Schema-less is usually a lie

programminggeek · on July 3, 2013

100% agree with this post and it's important to understand where/when schema in the code makes more sense than schema in the db.

If the DB is determining the schema and your code just mirrors it, you will inevitably do things like triggers, stored procedures, etc. that essentially put application code inside the DB. This makes testing and maintenance of such things all but impossible, even if it does make the DB queries fast. At the same time, your application still needs to mirror the schema of the DB or things will break.

"Schemaless" (query schemas) isn't better per se, but having the mindset of putting the schema in the code means you can write tests to ensure the schema over time. Depending on your perspective, one might be better than the other, but as they say "knowing is half the battle"

joe_the_user · on July 3, 2013

If the DB is determining the schema and your code just mirrors it, you will inevitably do things like triggers, stored procedures, etc. that essentially put application code inside the DB. This makes testing and maintenance of such things all but impossible, even if it does make the DB queries fast.

I don't believe this is necessarily true. I think it depends on the structure of the enterprise.

The traditional relational database seems to center on what could be called the "traditional large enterprise". This large enterprise tends to have many projects sharing the same static data and here a single store for that data makes sense and that store can and should have a standard interface, which can be embodied as stored procedures if necessary and would have to be well-defined enough that individual applications can deal with it.

That's the "traditional large enterprise". Today, however, we have large companies where single application has become the essence of the company (Google, Facebook, etc)and the one-datastore, multiple-applications model no longer makes sense and it does make sense to move more data manipulation the application level.

Still, when making pronouncements about what works best, I think context is important.

dragonwriter · on July 3, 2013

> Today, however, we have large companies where single application has become the essence of the company (Google, Facebook, etc)and the one-datastore, multiple-applications model no longer makes sense

Which "one application" is the essence of Google?

coldtea · on July 4, 2013

All of them. Google is mainly a bunch of "one applications".

Maps is maps, Search is search, YouTube is YouTube, GMail is Gmail etc. Those are not apps providing different views of the same data, in the way the parent describer enterprise apps.

joe_the_user · on July 3, 2013

Whatever, say, Google-a-few-year-back then.

dragonwriter · on July 3, 2013

Which just illustrates that while comparatively young companies may all be all about one application, its not exactly unusual even for a company that starts out that way to rapidly grow into one providing a large array of applications with overlapping use of data.

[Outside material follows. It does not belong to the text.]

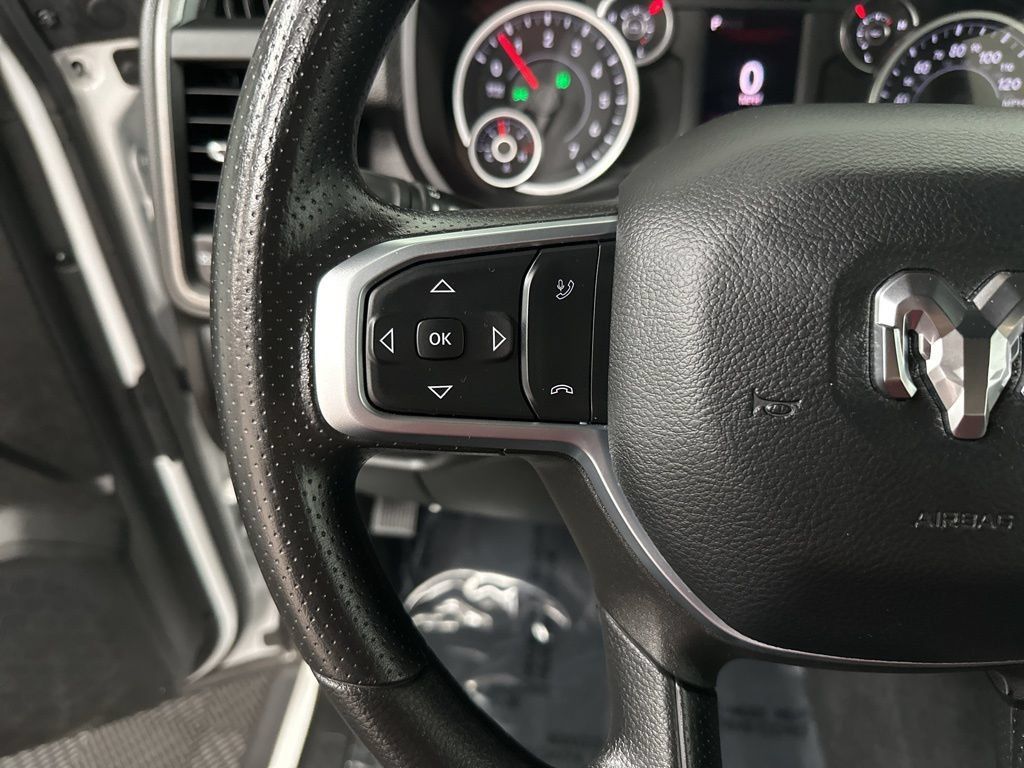 Used 2025 RAM 2500 Tradesman AWD/4WD image 15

While there are reasons that running all those applications for, say, Google on a shared RDBMS backend isn't the right answer, the reason isn't that Google has a single application that uses all its data and so doesn't have to worry about coordination between different applications using the same data.

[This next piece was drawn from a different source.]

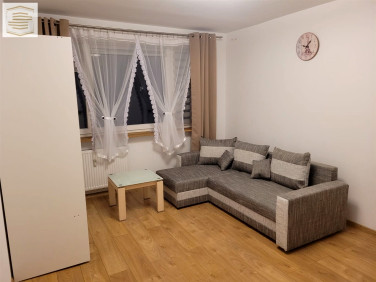 Mieszkanie Katowice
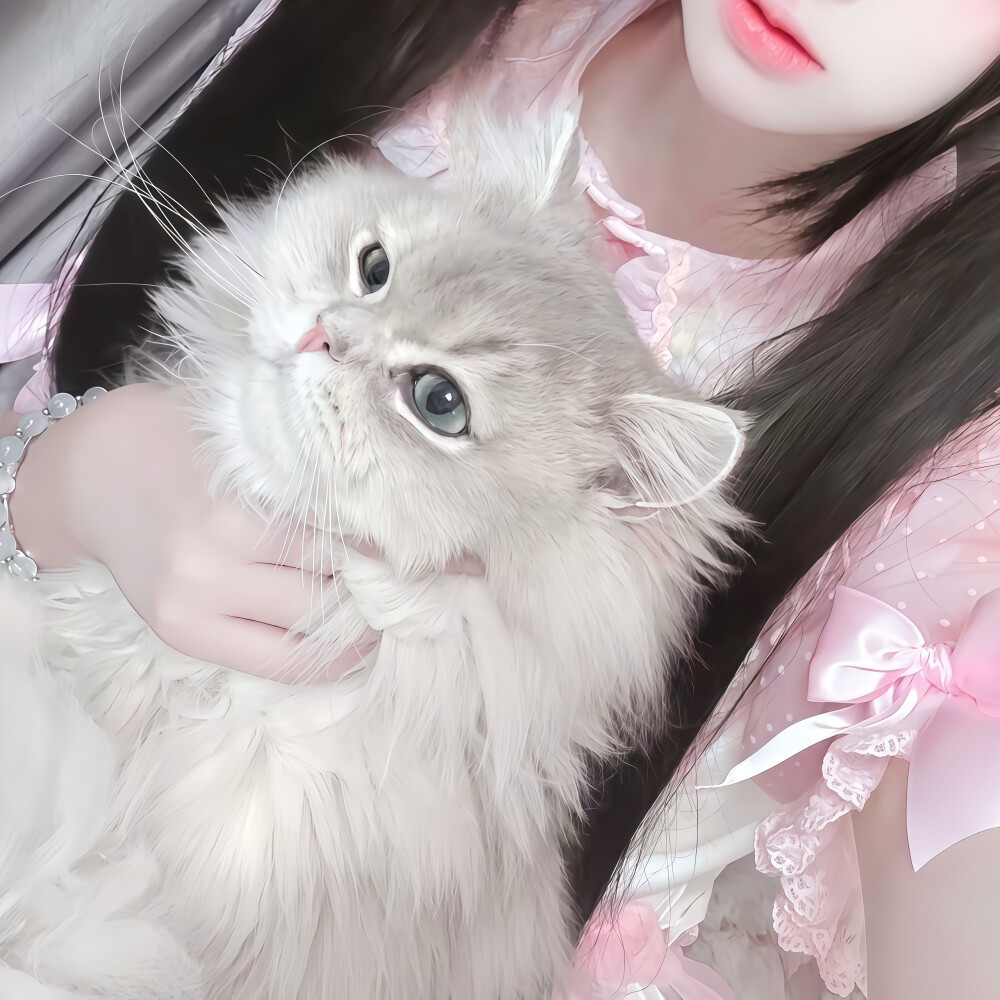 情侣头像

dragonwriter · on July 3, 2013

> If the DB is determining the schema and your code just mirrors it, you will inevitably do things like triggers, stored procedures, etc. that essentially put application code inside the DB. This makes testing and maintenance of such things all but impossible

If testing and maintenance of database objects (tables and other relations, as well as procedural code in triggers, SPs, etc.) is "all but impossible", the problem is with your DB maintenance policies and practices, not with where you are putting code.

It may be the case that lots of places have bad database maintenance practices (just as lots of places have bad maintenance practices for non-DB software), and it may be that in those environments, when you have a limited scope of influence, routing around those bad practices is the best solution. But it is a mistake to present that as a general solution.

camus · on July 3, 2013

> This makes testing and maintenance of such things all but impossible

Developers have been maintaining such apps for decades without any problem. And everything is testable , even a stocked procedure.

If you dont care about data integrity, then make your application responsible for your schema...Some do care. Non-rel databases guarantee 0 data integrity, with very little performance gain over relational-databases.

Finally most frameworks allow developpers to generate the db schema during development without writing a single query. with all the cache layers like redis and other goodies , there is little to no reason to use non-rel databases.

tracker1 · on July 5, 2013

A given RDBMS doesn't guarantee any data integrity. The integrity is a bit of a lie. I've seen plenty of real world databases with software created by idiots where a DateTime field was defined as a VARCHAR. Or fields that should have been a VARCHAR created as CHAR, then bugs happen with the strings aren't auto-trimmed.

IMHO the database these days SHOULD be fairly agnostic. Also normalization, which is the core of your so called integrity actually REDUCES performance. At my last job, our main VIEW into the data took over 28 join operations for some highly normalized data (much of which had to overcome some bad data in the db).

We setup a MongoDB database for searching against, as well as being able to pull up a single record without dozens of join operations, and it was a LOT faster, against real-time data... the search that was replaced was a batch process that recreated a single table every half hour. In this case MongoDB was a much better fit.

Sorry, but SQL databases don't guarantee any data integrity either. It's up to the developers that implement those schemas... and the fact is, for most of them, they are better off doing that in their primary application code.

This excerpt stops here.